The question is therefore not the relationship of religion to the Kenyan state, rather which theology we will use to interpret Ruto’s faith, assuming that theology is necessarily political. We can interpret Ruto’s religious expression based on the tradition of African spiritualities of liberation, or based on the European theology that pitted of the constitutional monarchy and the capitalist republic. If we choose the former tradition, we will find that Ruto’s evangelicalism falls in the latter one.

In my view, the new prominence of religion in the public sphere is a good development because, as the African experience shows, religion is a knowledge resource that can bring together people of diverse backgrounds, especially the oppressed who are denied access to institutions. Since 2010, political discourse from the public sphere has been dominated by constitutionalism, which generally hands over politics to lawyers. Religion, on the other hand, allows ordinary people access to political conversations.
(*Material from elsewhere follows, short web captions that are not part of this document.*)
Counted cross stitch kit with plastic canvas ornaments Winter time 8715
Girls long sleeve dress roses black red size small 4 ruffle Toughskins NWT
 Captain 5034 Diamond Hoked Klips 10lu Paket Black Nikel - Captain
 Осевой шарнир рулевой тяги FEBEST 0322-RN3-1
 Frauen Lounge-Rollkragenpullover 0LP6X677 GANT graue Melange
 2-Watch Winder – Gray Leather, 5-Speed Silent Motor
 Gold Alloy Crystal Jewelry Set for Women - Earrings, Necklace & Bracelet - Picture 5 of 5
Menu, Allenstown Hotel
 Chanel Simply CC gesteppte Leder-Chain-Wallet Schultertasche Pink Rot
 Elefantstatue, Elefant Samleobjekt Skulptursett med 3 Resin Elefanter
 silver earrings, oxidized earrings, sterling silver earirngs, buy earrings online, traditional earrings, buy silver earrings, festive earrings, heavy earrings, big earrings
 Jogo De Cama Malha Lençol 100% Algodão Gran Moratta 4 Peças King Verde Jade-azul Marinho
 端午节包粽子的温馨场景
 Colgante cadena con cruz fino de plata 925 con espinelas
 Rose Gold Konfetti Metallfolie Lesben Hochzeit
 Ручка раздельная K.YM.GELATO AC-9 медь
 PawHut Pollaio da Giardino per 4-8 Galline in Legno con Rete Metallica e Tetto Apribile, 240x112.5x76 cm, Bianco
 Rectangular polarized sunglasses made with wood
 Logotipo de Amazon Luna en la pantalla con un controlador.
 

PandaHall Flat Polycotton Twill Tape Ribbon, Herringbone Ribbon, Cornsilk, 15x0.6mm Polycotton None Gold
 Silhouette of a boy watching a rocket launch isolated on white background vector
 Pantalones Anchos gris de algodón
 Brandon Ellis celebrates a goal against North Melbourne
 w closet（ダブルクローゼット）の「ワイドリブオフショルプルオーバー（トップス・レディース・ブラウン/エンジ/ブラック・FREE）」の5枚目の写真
Rather than close that door because Ruto has taken advantage of that space, we need to open the door even wider for ordinary Kenyans to bring the riches of their knowledge to politics. Religion is one space where humanity can accommodate diverse knowledge. At least that’s what Africans have used it for.

Therefore, critics need to be patient, learn to deal with the ambiguity of the current political moment, and let Kenyans figure out what Ruto’s religion means politically and theologically. This situation is new for us and we need to figure it out as well. Forcing Ruto’s neoliberal wine into old liberal wineskins depoliticizes, rather than empowers us.